Active Pharmaceutical Ingredients Sequestrated from Water Using Novel Mesoporous Activated Carbon Optimally Prepared from Cassava Peels

Abstract

The increasing occurrence of active pharmaceutical ingredients (APIs) in water systems coupled with their recalcitrance to conventional water treatment methods calls for research into more eco-friendly and cost-effective curbing media. Mesoporous cassava peel activated carbon (CPAC) was prepared under conditions derived from optimizing the surface area and yield with the temperature and holding time as the model inputs using the response surface methodology. The sequestration potential and mechanisms of the resultant activated carbon (AC) for active pharmaceutical ingredients from wastewater were studied using batch experiments. The CPAC adsorption kinetics and isothermal mechanisms for the three pharmaceuticals (carbamazepine (CBZ), clarithromycin (CLN), and trimethoprim (TRM)) were studied in both wastewater and Milli-Q water. The API concentrations were measured using liquid chromatography coupled to a mass spectrometer (LC-MS) system.

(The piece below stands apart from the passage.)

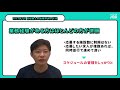 【胚培養士向け】2021年7月の転職市場の状況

The maximum removal efficiencies were 86.00, 58.00, and 68.50% for CBZ, CLN, and TRM for wastewater, which were less than those from the Milli-Q water at 94.25, 73.50, and 84.5%, respectively. The sorption process for the CLN was better explained by the Freundlich model, whereas the CBZ and TRM adsorption processes could suitably be explained by both the Langmuir and Freundlich models. At an initial concentration of 20 mgL−1 for all APIs and a CPAC dosage of 2.0 gL−1, the maximum adsorption capacities were 25.907, 84.034, and 1.487 mgg−1 for CBZ, TRM, and CLN, respectively. These results demonstrated the potential of CPAC to remove APIs from water, with its sequestration potential being more exhibited after the removal of the organic matter owing to the lower competition for active sites by the APIs. Additionally, positive adsorbates were better removed than negatively charged adsorbates due to the dominance of anions in the cassava peel lattice.